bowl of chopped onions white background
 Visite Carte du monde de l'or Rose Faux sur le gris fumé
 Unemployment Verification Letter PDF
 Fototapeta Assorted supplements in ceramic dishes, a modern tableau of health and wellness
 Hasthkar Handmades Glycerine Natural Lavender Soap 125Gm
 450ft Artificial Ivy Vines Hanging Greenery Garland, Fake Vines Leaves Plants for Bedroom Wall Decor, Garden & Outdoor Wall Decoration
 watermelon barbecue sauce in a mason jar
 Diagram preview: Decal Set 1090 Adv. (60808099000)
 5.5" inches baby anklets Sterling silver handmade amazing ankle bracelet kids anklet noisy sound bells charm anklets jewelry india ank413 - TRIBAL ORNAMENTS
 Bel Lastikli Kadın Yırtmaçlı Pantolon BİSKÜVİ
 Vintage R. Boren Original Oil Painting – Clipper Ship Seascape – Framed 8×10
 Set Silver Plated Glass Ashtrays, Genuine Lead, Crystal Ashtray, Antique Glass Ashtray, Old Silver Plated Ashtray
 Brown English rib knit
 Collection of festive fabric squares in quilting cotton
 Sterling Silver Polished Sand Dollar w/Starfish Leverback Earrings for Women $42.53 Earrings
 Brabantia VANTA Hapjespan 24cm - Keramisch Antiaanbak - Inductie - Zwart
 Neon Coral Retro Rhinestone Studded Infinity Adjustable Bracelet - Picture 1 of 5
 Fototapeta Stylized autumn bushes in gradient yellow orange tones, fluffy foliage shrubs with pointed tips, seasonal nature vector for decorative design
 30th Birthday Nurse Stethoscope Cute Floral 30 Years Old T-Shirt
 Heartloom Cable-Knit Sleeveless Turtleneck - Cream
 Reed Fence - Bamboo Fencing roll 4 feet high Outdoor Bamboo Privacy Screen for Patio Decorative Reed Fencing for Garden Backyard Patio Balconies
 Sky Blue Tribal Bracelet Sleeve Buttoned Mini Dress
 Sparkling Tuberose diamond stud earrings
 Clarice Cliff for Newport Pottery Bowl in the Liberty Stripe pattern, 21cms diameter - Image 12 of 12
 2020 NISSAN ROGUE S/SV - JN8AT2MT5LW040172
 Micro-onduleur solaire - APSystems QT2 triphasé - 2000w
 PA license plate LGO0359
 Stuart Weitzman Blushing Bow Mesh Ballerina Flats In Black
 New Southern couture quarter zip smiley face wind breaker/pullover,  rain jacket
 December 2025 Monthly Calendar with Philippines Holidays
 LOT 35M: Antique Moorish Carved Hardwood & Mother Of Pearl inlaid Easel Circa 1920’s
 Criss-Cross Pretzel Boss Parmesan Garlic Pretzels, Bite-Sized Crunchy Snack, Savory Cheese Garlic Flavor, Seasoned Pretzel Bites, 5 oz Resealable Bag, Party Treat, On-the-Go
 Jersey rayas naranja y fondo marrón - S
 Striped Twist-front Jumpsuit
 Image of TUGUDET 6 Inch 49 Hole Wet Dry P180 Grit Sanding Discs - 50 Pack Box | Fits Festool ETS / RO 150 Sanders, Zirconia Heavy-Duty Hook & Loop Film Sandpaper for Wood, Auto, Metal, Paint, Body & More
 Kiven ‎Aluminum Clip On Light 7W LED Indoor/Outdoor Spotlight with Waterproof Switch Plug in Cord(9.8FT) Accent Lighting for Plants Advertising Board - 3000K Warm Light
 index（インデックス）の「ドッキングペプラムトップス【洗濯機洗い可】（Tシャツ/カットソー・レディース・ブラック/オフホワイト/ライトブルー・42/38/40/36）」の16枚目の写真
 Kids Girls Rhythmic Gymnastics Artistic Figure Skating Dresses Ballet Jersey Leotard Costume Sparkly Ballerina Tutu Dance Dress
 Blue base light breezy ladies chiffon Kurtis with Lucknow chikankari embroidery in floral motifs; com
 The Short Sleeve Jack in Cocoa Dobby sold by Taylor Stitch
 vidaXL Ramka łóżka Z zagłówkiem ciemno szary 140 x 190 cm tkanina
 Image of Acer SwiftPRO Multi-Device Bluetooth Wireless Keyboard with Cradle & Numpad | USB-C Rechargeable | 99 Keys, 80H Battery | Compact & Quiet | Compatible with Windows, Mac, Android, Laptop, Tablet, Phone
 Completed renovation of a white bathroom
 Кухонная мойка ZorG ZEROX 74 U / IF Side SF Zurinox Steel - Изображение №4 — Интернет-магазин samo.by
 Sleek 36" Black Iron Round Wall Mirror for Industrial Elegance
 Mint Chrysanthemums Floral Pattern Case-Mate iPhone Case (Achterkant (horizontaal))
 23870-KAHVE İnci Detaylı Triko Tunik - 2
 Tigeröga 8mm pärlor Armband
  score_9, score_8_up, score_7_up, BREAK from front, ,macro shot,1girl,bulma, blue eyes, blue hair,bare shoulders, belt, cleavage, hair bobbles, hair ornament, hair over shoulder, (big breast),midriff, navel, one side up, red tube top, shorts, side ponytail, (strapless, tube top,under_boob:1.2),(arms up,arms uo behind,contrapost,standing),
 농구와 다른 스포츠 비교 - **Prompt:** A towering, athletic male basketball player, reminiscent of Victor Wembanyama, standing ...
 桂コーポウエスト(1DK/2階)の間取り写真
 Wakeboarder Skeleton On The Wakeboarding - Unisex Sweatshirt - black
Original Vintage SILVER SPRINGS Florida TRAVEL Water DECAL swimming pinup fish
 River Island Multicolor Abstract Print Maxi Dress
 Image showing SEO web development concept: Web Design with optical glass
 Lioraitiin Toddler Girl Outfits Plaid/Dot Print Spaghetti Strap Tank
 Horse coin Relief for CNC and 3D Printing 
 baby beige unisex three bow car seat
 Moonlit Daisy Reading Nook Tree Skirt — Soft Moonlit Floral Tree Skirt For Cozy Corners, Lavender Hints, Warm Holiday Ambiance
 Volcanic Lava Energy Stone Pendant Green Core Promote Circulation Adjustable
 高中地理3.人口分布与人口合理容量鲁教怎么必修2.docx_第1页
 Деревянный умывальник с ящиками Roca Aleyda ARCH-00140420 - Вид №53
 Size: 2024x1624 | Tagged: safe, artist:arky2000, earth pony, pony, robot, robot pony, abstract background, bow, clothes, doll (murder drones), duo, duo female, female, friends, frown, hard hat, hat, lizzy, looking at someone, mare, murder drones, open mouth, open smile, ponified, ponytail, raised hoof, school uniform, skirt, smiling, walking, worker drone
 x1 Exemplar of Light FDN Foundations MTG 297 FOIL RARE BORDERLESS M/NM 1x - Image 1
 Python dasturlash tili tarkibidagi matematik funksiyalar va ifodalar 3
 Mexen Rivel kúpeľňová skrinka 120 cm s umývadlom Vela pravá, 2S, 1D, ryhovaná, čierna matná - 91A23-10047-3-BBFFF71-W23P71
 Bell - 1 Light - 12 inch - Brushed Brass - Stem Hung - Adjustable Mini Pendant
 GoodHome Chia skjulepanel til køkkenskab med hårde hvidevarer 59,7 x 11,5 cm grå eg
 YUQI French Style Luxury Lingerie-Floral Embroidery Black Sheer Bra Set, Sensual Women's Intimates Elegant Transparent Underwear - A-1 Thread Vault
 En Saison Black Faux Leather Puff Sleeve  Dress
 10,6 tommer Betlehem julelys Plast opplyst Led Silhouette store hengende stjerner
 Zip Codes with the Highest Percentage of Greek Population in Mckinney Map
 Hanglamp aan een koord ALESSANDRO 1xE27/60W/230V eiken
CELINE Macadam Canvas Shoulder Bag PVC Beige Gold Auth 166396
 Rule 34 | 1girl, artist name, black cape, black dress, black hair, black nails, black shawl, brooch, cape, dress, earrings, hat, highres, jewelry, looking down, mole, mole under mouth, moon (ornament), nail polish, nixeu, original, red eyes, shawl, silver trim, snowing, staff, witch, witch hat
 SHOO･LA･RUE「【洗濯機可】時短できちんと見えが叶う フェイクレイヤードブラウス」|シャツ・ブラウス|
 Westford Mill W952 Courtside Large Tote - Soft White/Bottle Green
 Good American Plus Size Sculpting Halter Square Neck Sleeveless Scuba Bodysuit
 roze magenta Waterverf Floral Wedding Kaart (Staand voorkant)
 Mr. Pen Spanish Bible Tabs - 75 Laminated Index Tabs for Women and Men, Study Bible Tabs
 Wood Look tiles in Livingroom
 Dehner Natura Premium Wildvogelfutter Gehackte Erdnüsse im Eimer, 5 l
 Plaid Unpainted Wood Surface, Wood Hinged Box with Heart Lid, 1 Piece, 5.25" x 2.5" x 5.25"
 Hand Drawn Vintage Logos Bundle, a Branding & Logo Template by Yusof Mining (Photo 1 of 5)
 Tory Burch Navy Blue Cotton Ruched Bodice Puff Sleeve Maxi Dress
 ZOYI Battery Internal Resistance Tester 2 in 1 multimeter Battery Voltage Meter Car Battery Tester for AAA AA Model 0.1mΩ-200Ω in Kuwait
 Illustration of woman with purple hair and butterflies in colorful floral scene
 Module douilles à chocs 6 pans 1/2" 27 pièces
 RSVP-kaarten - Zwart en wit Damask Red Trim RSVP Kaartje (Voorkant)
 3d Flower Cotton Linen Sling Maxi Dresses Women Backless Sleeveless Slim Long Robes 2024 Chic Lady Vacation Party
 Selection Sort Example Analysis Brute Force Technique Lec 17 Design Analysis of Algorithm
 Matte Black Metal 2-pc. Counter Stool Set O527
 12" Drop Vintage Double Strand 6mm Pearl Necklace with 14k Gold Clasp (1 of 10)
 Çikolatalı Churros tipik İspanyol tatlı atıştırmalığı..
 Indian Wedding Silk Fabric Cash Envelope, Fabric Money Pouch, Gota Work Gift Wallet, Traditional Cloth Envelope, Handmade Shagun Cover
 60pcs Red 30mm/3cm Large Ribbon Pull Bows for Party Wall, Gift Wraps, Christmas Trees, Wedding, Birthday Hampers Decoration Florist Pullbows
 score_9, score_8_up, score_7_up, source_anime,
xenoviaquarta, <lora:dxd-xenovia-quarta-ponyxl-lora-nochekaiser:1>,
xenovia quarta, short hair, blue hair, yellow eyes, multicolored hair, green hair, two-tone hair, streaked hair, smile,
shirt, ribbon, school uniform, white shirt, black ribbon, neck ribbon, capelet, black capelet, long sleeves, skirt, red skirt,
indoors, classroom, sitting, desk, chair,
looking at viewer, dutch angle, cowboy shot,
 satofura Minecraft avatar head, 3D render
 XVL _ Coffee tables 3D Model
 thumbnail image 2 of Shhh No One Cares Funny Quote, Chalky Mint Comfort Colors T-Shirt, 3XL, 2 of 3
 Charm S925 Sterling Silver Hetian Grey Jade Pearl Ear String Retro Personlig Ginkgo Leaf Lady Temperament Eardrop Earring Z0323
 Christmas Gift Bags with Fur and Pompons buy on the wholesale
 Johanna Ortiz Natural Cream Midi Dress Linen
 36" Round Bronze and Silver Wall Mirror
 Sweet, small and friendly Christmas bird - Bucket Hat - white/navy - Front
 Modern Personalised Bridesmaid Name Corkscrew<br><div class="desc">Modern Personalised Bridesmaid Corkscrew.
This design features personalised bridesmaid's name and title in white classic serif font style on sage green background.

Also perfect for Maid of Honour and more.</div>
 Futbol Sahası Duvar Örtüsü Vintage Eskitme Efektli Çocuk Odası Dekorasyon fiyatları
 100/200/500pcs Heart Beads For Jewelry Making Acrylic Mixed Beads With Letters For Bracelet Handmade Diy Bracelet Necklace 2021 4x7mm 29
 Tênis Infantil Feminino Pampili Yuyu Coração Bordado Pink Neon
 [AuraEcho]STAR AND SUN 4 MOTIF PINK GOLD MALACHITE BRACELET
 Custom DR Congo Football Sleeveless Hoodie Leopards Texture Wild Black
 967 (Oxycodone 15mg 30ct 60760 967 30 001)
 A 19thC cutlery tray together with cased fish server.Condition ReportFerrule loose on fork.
----
Search the material above for "background". Copy each line that has it.

_Solution for this problem_
bowl of chopped onions white background
 Size: 2024x1624 | Tagged: safe, artist:arky2000, earth pony, pony, robot, robot pony, abstract background, bow, clothes, doll (murder drones), duo, duo female, female, friends, frown, hard hat, hat, lizzy, looking at someone, mare, murder drones, open mouth, open smile, ponified, ponytail, raised hoof, school uniform, skirt, smiling, walking, worker drone
This design features personalised bridesmaid's name and title in white classic serif font style on sage green background.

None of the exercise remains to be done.